Senin, 19 September 2011

GERAKAN BENTENG SUMITRO


Latar Belakang Lahirnya Gerakan Benteng

Pelaksanaan Rencana Urgensi Perekonomian didahului oleh suatu program yang disebut Gerakan atau Program Benteng. Program Benteng mengawali gelombang transformasi ekonomi yang dipaksakan untuk menghadirkan kelas pengusaha pribumi. Program Benteng digagas pada tahun 1950 oleh Menteri Perdagangan dan Perindustrian ketika itu, Sumitro Djojohadikusumo. Sumitro yang kala itu merupakan wakil Partai Sosialis Indonesia dalam kabinet Natsir (Masyumi), melihat menumpuknya beban pemerintahan RI karena utang warisan penjajah Belanda sebesar Rp 4,3 Milyar sungguh sangat membebani republik muda usia itu. Beban utang itu adalah ibarat harga kemerdekaan RI yang mesti ditebus oleh Indonesia kepada pemerintah kolonial Belanda yang tertuang dalam Konferensi Meja Bundar 1949 di Den Haag, Belanda. Beban mengangsur utang warisan itu memperlambat kesempatan RI muda untuk membangun infrastruktur. Sumitro hadir membawa solusi revolusioner; memberi kredit impor seluas-luasnya hanya kepada pengusaha pribumi sehingga diharapkan bisa memicu pertumbuhan ekonomi nasional. 

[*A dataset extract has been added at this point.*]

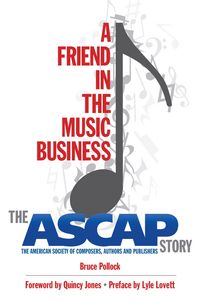 Produktbild: A Friend in the Music Business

Meski berbau sedikit kapitalistik, namun program yang diperuntukan sepenuhnya untuk memproteksi pengusaha pribumi ini diharapkan bisa meruntuhkan dominasi asing-yang kala itu masih dikuasai oleh oligopoli perusahaan Belanda dan Inggris. Pertumbuhan ekonomi yang dipelopori oleh pribumi tentu akan meringankan beban pemerintah membangun infrastruktur. Perusahaan oligopoli ini dikenal dengan nama The Big Five, yakni perusahaan dagang Belanda yang terdiri atas Borsumij, Jacobson van den Berg, Geo Wehry, Internatio dan Lindeteves. Tiga perusahaan pertama muncul pada pertengahan abad ke 19 bergerak dan di bidang perdagangan dan investasi. Internatio bergerak di sektor perbankan, sedangkan lindeteves bergerak dalam bidang permesinan. Di akhir tahun 1957 semua perusahaan Belanda (termasuk The Big Five) dinasionalisasi oleh pemerintah Indonesia. Setelah dinasionalisasi oleh Pemerintah Indonesia, kelima perusahaan ini berganti nama, Borsumij menjadi PT. Indevitra, Jacobson menjadi PT. Yuda Bhakti, Geo Wehry menjadi PT. Triangle, Internatio menjadi PT. Satya Negara dan Lindeteves menjadi PT. Indestins.[1]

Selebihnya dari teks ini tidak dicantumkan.